Le -r- épenthétique et le ryûkyû (4)

Philologie d'Orient et d'Occident (36)

                                     Le 16/06/2010, Tokyo     K.

Le -r- épenthétique et le ryûkyû (4)

     La lingustique moderne présente un mot comme un ensemble composé de deux (ou trois) éléments : le signifiant (l'image acoustique), le signifié (le concept), et il s'y ajoute, s'il s'agit d'un nom commun, le référent (l'objet référé). Le signe linguistique, une des occupations majeures du linguiste moderne, est une entité psychique constituée du signifiant (son) et du signifié (sens). C'est là une conception chère aux pays alphabétiques.

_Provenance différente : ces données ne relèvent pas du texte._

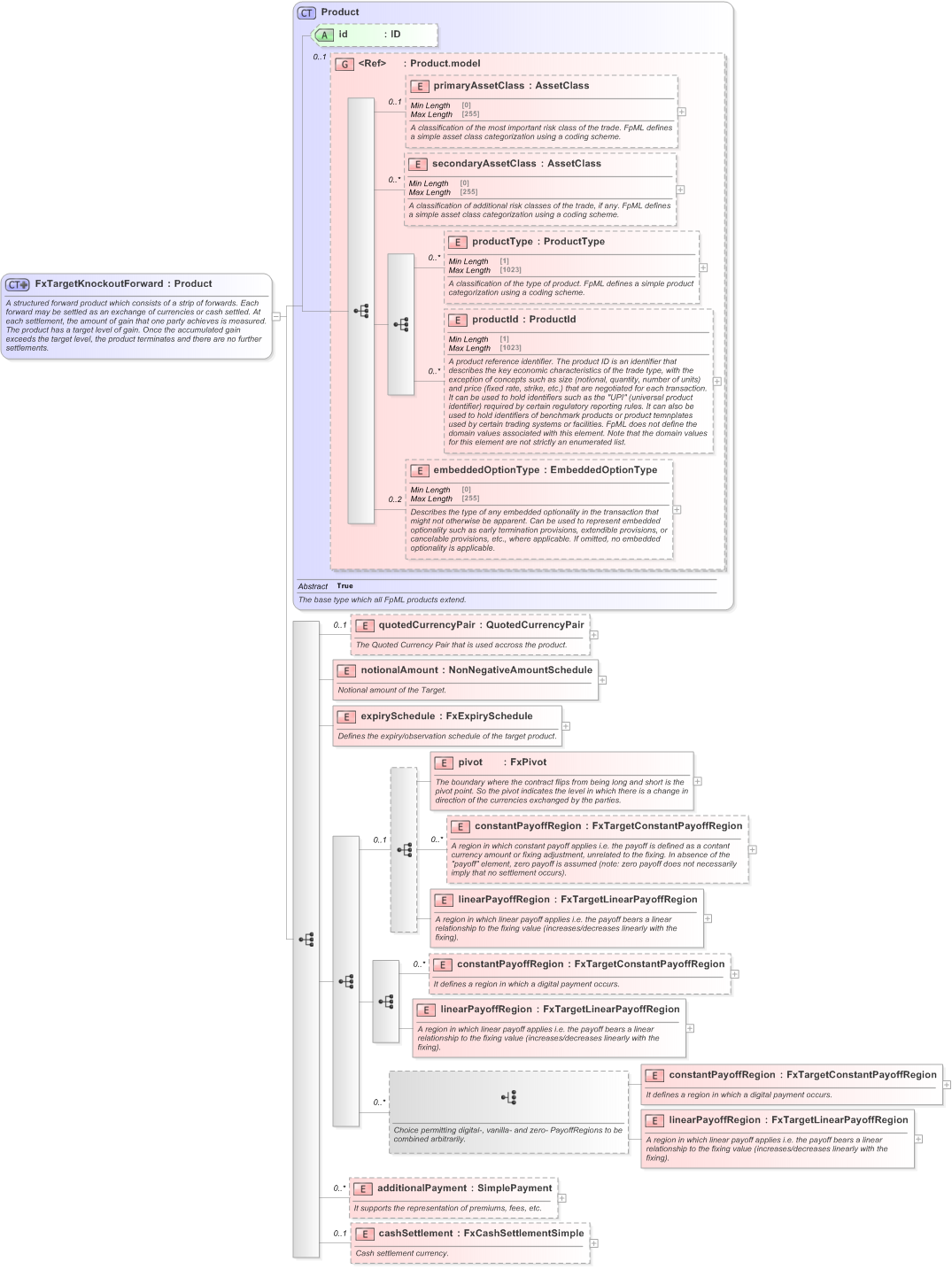 XSD Diagram of FxTargetKnockoutForward in schema fpml-fx-targets-5-9_xsd (Financial products Markup Language (FpML®) - Transparency)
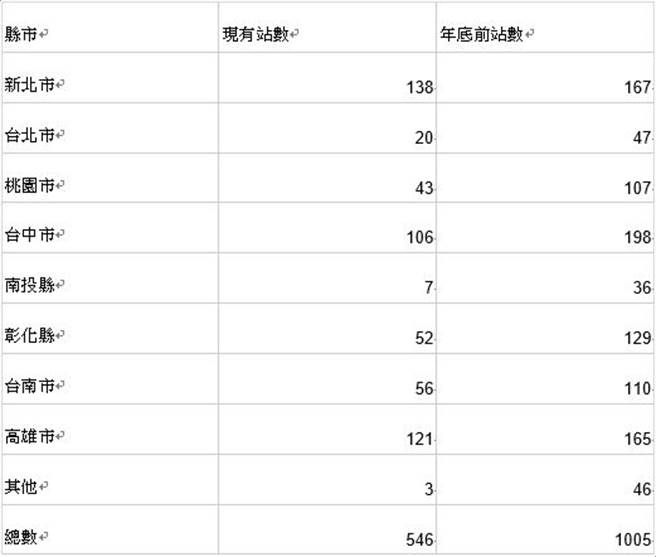 目前IONEX换电站在全台已达546站，预计年底将可突破千站。(表/中时新闻网制)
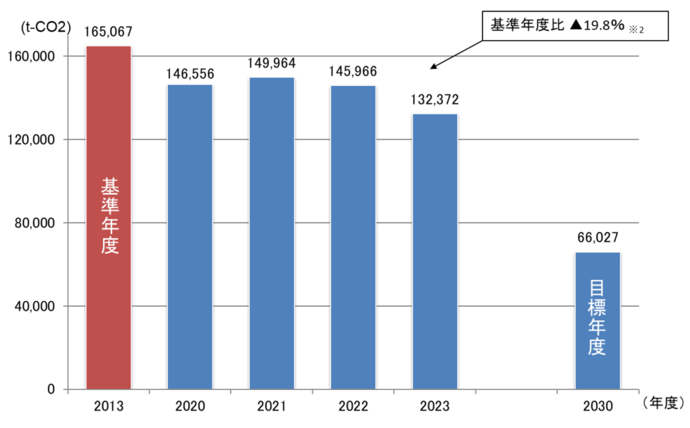 グラフ：温室効果ガス排出量の推移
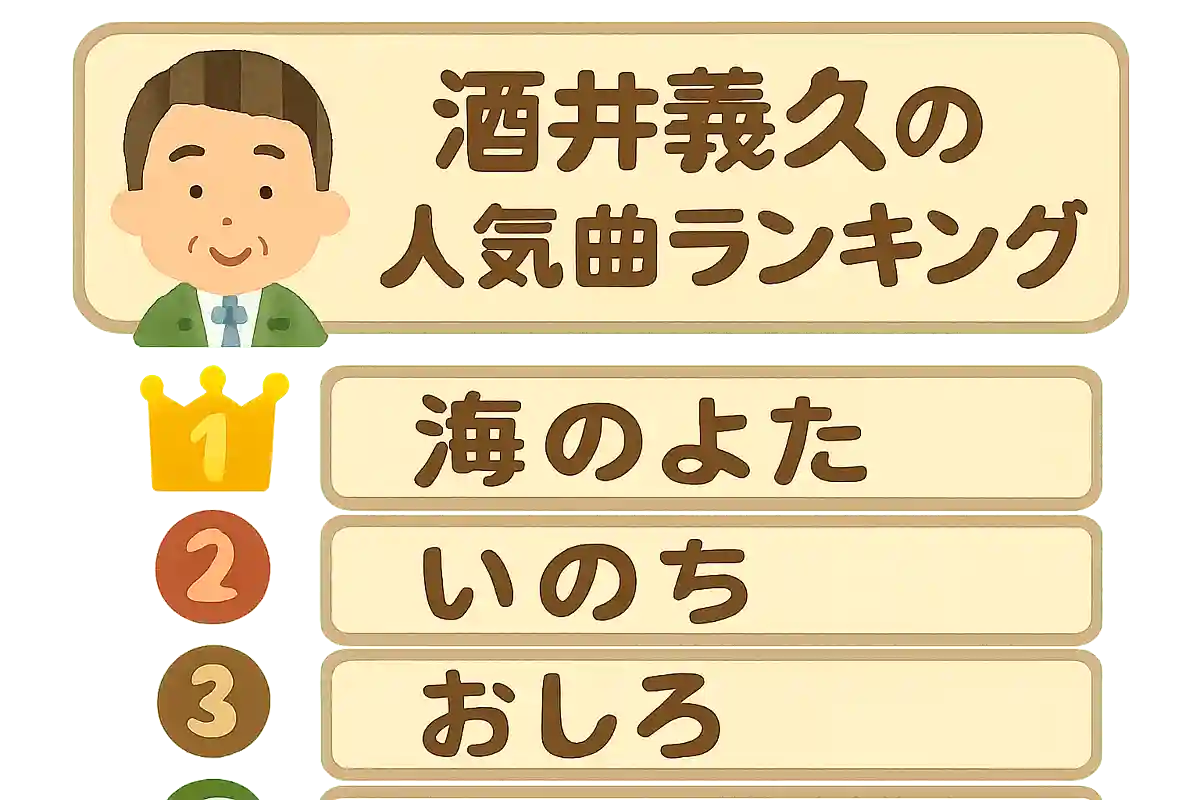 酒井義久の人気曲ランキング【2025】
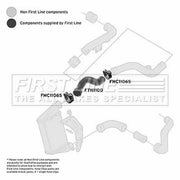 First Line Intercooler Turbo Charge Air Hose Front FTH1100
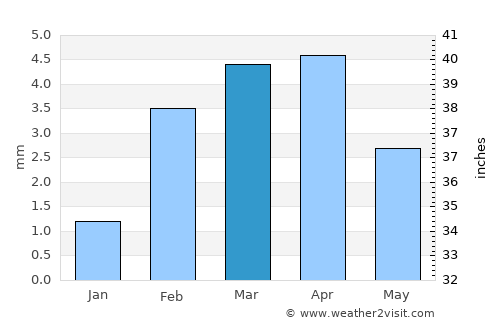 Tando Jām average rain in March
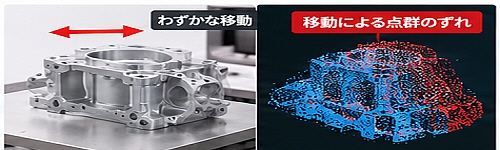 3Dスキャンの移動・振動対策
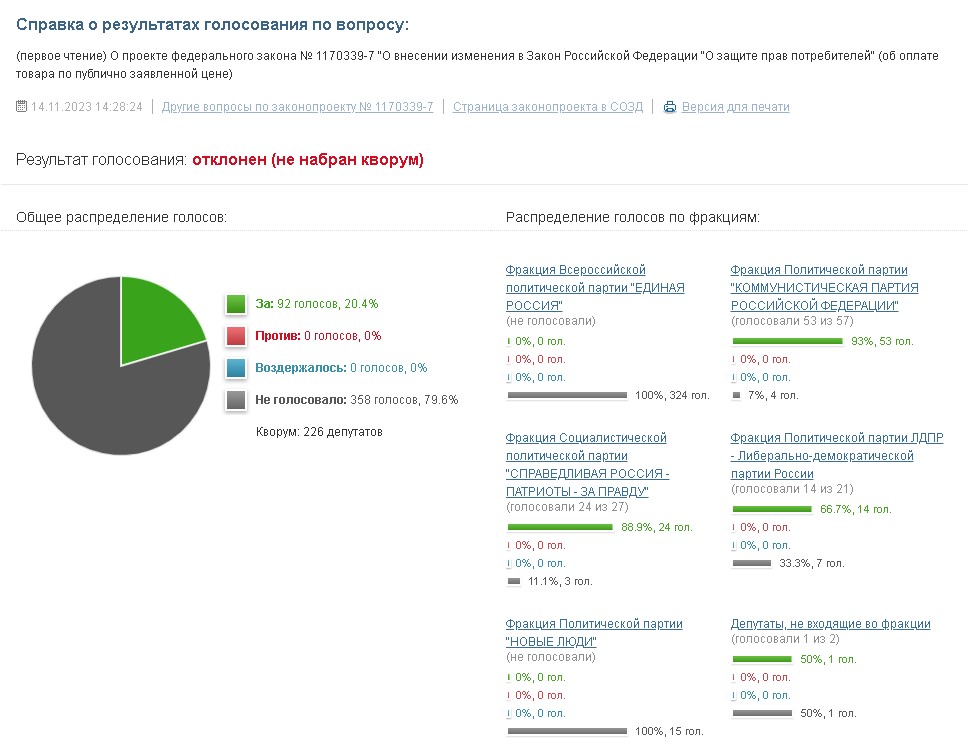 Большинство депутатов проголосовало за предложенный проект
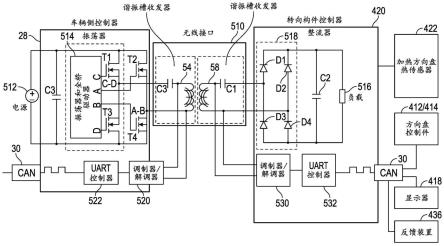 具有加热转向部件的休闲车辆的制作方法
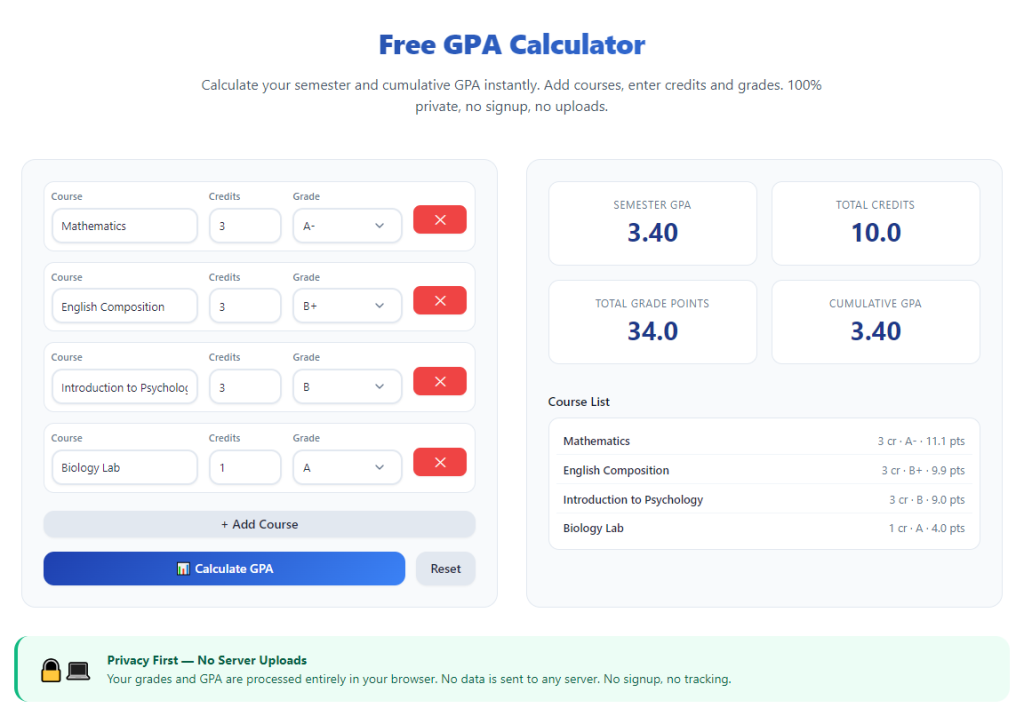 How to Use GPA Calculator for Weighted AP Classes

    Dans cette trilogie du signe linguistique occidental, quel rôle peut jouer l'écriture chinoise ? Le kanji est plutôt une image visuelle qu'acoustique. Le sens est étroitement lié avec cette image visuelle. On eut recours, pour représenter un pronom personnel de la première personne du singulier « je » qui était alors [nga] en chinois ancien, à une image de deux tridents s'entrechoquant, 我 qui rendrait le son [nga]. Mais qui pourrait imaginer, sans en être informé auparavant, ce sens ? C'est de façon très imparfaite et indirecte que le kanji pouvait représenter son et sens, c'est-à-dire, un signe linguistique.
    D'autre part, bien qu'il ait été à l'origine une sorte d'idéogrammes, l'alphabet excelle à représenter des sons mais pas les sens. Pour signifier un sens, il faut que ce soit une syllabe composée de plusieurs phonèmes (représentés par les caractères alphabétiques correspondants). Vain, vingt, vin, (il) vint. Ces quatre homonymes français, bien différenciés à vue, ont besoin de contextes pour être compris oralement. En pareil cas, le chinois dispose de l'accent à quatre voix qui tient lieu de contextes. En écriture, par contre, le problème est le même, c'est-à-dire, au fond visuel. Mais, en alphabet, le sens est mieux lié à l'ouïe qu'à la vue, tandis que le kanji, mieux à la vue qu'à l'ouïe.

    L'idéogramme fait perdre (ou transformer) plutôt le son (puisqu'il n'en est pas assuré) que le sens, et l'alphabet, plutôt le sens que le son. Car l'alphabet est surtout un cadre phonétique de la langue. De toute manière, l'écriture, en idéogramme ou en alphabet, fait changer plus rapidement la langue qui s'y fait représenter que la langue qui en est dépourvue. Chez cette dernière, l'oubli ou la négligence sont fatals pour sa survie.

     J'ai discuté un peu longuement sur les rapports de l'écriture et des transformations de la langue. C'est parce que beaucoup, même parmi les linguistes, croient qu'une langue périphérique, sans support d'écriture, change plus vite qu'une langue du centre, protégée par l'écriture. C'est le contraire qui est souvent vrai. C'est la périphérie qui conserve de vieilles locutions.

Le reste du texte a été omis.